In the entries that follow, the line with "Thumbnail: Late 19th" opens the range and the line with "Wisconsin Badgers Troy" closes it; repeat that range exactly, both lines included.
Top of DATASET RECORDS
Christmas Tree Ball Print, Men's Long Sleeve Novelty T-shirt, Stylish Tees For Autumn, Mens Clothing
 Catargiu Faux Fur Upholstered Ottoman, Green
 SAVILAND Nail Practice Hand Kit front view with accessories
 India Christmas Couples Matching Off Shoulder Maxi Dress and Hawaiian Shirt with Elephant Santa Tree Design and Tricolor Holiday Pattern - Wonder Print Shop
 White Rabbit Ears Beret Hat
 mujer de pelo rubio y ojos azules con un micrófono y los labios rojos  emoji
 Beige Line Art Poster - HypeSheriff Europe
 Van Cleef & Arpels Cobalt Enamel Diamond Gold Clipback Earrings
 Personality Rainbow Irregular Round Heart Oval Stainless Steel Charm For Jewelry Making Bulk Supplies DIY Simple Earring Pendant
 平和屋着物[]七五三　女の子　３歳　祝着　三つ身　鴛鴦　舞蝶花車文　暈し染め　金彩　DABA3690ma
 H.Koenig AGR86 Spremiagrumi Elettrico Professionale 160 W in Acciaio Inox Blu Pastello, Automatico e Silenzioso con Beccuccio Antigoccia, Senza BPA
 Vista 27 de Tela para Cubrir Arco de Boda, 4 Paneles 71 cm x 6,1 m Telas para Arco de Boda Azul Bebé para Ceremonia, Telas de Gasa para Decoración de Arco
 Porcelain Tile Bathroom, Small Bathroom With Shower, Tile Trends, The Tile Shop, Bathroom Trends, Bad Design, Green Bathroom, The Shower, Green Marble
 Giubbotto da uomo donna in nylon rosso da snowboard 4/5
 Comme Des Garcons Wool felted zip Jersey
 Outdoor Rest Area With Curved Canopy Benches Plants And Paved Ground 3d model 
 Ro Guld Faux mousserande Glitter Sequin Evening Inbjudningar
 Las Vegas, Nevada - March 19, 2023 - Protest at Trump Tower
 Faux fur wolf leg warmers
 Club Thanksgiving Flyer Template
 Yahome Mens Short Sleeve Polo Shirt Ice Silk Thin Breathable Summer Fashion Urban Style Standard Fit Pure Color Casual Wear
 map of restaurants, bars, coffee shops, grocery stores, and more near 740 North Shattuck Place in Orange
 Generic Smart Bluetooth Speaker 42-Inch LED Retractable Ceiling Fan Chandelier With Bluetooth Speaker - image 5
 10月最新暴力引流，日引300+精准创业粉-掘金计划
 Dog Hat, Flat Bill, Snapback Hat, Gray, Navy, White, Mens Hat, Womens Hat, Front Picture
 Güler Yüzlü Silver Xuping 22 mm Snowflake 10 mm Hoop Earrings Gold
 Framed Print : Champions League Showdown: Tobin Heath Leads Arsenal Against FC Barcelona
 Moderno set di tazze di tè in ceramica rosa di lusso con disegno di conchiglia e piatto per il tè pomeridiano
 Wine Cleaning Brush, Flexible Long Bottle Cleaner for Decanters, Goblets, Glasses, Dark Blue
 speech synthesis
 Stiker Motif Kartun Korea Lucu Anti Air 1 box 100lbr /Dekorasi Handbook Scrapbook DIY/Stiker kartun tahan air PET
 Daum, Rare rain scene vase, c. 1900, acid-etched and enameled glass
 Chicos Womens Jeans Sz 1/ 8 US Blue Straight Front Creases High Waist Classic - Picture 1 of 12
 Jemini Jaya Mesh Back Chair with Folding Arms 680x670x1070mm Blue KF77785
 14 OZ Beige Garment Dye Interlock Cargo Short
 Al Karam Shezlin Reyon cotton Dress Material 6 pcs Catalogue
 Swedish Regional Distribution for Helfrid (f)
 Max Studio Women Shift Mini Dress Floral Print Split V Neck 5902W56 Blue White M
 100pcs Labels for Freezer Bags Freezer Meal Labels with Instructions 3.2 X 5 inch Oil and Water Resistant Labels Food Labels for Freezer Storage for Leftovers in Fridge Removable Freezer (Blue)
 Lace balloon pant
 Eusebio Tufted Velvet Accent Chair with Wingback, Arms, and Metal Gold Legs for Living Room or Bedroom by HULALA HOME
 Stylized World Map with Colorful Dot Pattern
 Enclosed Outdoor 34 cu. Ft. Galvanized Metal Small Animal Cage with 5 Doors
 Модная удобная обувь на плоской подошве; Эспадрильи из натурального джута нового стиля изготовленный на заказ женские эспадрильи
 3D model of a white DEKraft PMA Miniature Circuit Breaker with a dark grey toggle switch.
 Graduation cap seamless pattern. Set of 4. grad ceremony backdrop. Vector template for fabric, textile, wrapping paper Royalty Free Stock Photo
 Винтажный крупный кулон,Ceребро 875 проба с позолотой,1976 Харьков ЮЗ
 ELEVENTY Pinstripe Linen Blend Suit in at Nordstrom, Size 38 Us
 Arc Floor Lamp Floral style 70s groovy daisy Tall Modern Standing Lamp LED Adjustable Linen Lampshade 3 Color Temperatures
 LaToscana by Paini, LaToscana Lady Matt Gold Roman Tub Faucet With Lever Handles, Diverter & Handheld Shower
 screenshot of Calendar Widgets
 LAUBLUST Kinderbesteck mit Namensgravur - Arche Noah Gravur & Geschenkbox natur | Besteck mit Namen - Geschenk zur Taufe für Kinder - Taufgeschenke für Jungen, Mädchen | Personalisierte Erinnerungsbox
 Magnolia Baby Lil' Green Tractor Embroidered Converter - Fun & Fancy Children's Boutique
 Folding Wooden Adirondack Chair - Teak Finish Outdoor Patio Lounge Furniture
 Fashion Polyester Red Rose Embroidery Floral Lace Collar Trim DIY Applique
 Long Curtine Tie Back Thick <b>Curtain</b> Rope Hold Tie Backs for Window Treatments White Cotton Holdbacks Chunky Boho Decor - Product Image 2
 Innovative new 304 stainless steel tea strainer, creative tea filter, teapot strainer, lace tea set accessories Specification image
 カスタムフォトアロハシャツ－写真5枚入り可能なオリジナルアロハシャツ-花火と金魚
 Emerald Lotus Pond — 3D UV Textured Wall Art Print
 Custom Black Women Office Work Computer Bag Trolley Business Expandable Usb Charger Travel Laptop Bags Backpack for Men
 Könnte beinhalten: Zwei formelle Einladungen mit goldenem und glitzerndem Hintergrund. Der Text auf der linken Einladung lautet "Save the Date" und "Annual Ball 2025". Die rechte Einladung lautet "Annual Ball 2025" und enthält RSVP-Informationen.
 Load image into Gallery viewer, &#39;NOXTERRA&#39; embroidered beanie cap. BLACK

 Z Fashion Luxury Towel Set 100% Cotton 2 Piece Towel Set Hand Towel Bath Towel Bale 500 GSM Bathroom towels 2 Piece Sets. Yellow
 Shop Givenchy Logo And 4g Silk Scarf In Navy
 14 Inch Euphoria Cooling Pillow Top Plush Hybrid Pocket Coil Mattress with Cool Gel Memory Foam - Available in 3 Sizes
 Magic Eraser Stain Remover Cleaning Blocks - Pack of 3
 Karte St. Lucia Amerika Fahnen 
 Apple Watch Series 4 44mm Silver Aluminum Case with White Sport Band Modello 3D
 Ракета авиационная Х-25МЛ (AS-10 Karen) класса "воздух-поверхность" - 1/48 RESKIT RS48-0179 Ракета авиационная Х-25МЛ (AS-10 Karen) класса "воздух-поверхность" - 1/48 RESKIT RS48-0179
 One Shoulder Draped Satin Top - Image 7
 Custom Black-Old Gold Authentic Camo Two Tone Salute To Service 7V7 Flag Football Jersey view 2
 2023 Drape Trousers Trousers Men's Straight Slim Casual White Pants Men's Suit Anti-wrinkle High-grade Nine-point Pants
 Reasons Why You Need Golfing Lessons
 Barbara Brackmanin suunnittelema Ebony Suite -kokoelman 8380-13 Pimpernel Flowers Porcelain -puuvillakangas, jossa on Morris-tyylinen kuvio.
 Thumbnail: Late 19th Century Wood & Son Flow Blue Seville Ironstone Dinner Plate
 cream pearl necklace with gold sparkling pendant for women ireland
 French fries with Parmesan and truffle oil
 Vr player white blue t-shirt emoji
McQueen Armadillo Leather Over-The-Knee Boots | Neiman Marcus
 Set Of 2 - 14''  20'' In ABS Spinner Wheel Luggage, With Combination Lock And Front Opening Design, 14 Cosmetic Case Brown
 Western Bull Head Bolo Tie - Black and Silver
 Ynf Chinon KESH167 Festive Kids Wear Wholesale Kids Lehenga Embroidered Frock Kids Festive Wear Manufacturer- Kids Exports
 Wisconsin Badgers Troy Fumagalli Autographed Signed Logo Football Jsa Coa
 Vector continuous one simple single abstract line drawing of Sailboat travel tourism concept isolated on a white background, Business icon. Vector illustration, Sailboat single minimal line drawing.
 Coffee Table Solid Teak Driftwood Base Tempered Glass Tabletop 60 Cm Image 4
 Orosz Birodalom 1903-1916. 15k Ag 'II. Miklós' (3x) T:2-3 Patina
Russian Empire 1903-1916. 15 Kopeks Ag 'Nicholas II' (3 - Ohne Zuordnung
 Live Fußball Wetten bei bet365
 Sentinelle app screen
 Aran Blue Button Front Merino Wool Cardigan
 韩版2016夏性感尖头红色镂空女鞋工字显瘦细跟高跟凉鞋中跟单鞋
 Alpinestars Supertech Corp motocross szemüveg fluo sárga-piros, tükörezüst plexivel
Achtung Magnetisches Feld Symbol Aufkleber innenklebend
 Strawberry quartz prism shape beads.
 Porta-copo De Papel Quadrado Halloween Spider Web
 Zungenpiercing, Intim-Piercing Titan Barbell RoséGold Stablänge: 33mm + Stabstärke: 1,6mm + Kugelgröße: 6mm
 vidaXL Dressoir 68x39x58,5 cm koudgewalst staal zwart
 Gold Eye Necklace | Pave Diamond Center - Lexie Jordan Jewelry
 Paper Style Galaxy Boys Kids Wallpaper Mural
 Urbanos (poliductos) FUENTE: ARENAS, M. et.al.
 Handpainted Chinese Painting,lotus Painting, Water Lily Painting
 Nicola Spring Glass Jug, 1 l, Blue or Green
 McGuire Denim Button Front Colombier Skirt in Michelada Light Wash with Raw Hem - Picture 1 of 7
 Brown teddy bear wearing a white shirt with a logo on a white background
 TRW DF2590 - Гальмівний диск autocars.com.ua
Bottom of DATASET RECORDS
EXPECTED OUTPUT:
 Thumbnail: Late 19th Century Wood & Son Flow Blue Seville Ironstone Dinner Plate
 cream pearl necklace with gold sparkling pendant for women ireland
 French fries with Parmesan and truffle oil
 Vr player white blue t-shirt emoji
McQueen Armadillo Leather Over-The-Knee Boots | Neiman Marcus
 Set Of 2 - 14''  20'' In ABS Spinner Wheel Luggage, With Combination Lock And Front Opening Design, 14 Cosmetic Case Brown
 Western Bull Head Bolo Tie - Black and Silver
 Ynf Chinon KESH167 Festive Kids Wear Wholesale Kids Lehenga Embroidered Frock Kids Festive Wear Manufacturer- Kids Exports
 Wisconsin Badgers Troy Fumagalli Autographed Signed Logo Football Jsa Coa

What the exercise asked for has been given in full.